GOP hopes to woo back voters who switched for Dem primary
  • Dave Dumeyer

By DAVE PIDGEON
Updated Oct 03, 2008 11:06

Though Hillary Clinton and Barack Obama have moved their clash out of Pennsylvania, there is still a battle brewing in the Keystone State.

Republicans are busy plotting strategies to recapture the thousands of voters who switched their party registration so they could vote in the Democratic primary.

Area Republican officials plan to convene next week to decide what their message should be, according to Lancaster County GOP chairman Dave Dumeyer.

GOP overtures likely will paint Democrats as intent on raising taxes to pay for health care, subprime mortgage bailouts and alternative energy development, according to Dumeyer.

"Now is not the time to raise taxes," he said. "Most economists would tell you in times of a recession is not the time to raise taxes."

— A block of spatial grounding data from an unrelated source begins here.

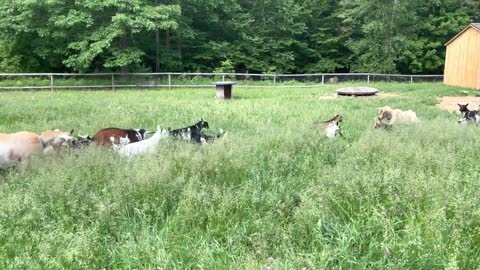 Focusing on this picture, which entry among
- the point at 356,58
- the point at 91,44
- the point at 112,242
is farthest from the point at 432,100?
the point at 356,58

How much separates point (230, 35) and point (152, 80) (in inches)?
408

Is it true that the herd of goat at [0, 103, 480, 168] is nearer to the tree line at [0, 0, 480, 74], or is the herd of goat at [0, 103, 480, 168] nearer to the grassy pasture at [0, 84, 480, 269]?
the grassy pasture at [0, 84, 480, 269]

The state GOP plans an all-out pursuit because the party watched as 164,026 Pennsylvania voters changed their party registration to Democrat in 2008, according to figures from the Pennsylvania Department of State. Democrats also welcomed 152,775 previously unregistered voters to their party.

By comparison, Republicans signed up 40,195 first-time voters and added just 14,887 voters who switched parties.

Locally, the GOP lost 500 voters before the primary election, according to the Sunday News.

Michael Barley, spokesman for the state GOP, said efforts already have begun to bring back some of the disenchanted Republicans.

For one thing, as the Clinton and Obama camps continue the rancorous tone that characterized the Pennsylvania primary, a moderate candidate like Republican Sen. John McCain will appeal to those tired of Democratic bickering, Barley said.

"(McCain's) going to take a large chunk of the more moderate Democrats and the moderate Republicans and the independent vote," Barley said.

Republicans also plan to start a grass-roots effort to reach those who left the GOP.

"Our plan is to contact them via mail, via phone calls, via door-to-door," Barley said.

It probably won't work, said Abe Amoros, the spokesman for the state Democratic Committee.

According to Amoros, the wave of new Democrats has to do with three things: President Bush's approval ratings sinking to historic lows, an unpopular war in Iraq and a struggling economy.

"Pocketbook issues are still number one, and (Republicans) try to throw up smokescreens like gay marriage and immigration," Amoros said. "Those things, out of a scale of 1 to 10 — 1 being the most important — those things poll like 9 or 10."

Amoros said "precedent" is on the side of Democrats, pointing to how in 2002, only 10 percent of those who switched parties to vote in the Democratic gubernatorial race between Ed Rendell and Bob Casey Jr. returned to the GOP.

Talk by the GOP of luring former Republicans back from the Democratic side was "just trying to paint a rosy picture of what is a very bad situation for Republicans in Pennsylvania."

Barley, though, expressed confidence in the attractiveness of McCain's platform, especially once it's compared to the eventual Democratic nominee's.

"If you look at what the Democrats want to do to address these situations, it's higher taxes and a retreat from the war on terror," he said. "Americans are going to think it's a bad strategy, and on the economy, they're completely off."

And there's the potential schism in the Democratic Party if the nomination process alienates either the Clinton backers or Obama supporters. According to the Los Angeles Times, exit polls Tuesday showed about eight in 10 Obama voters saying they believed Clinton was untrustworthy, while 90 percent of Clinton voters thought the same of Obama.

ABC News reported that a quarter of Clinton supporters plan to vote for McCain if she's not the Democratic nominee, while 16 percent of Obama's voters said the same if Clinton is the nominee.

Amoros said those numbers aren't "reality-based."

"Emotions are high," he said. "When you have disagreements, you are going to have ruffled feathers. Once the fall campaign really goes into high gear, we're going to pick up even more people, and you are going to have a lot of Republicans who are going to vote for the Democratic candidate."

Steve Peterson, director of Penn State-Harrisburg's School of Public Affairs, said history favors the Democrats in 2008.

"Historically, the party of the president when the public disapproval is high hurts that party's candidate in the presidential election," Peterson said. "McCain has some real challenges with that."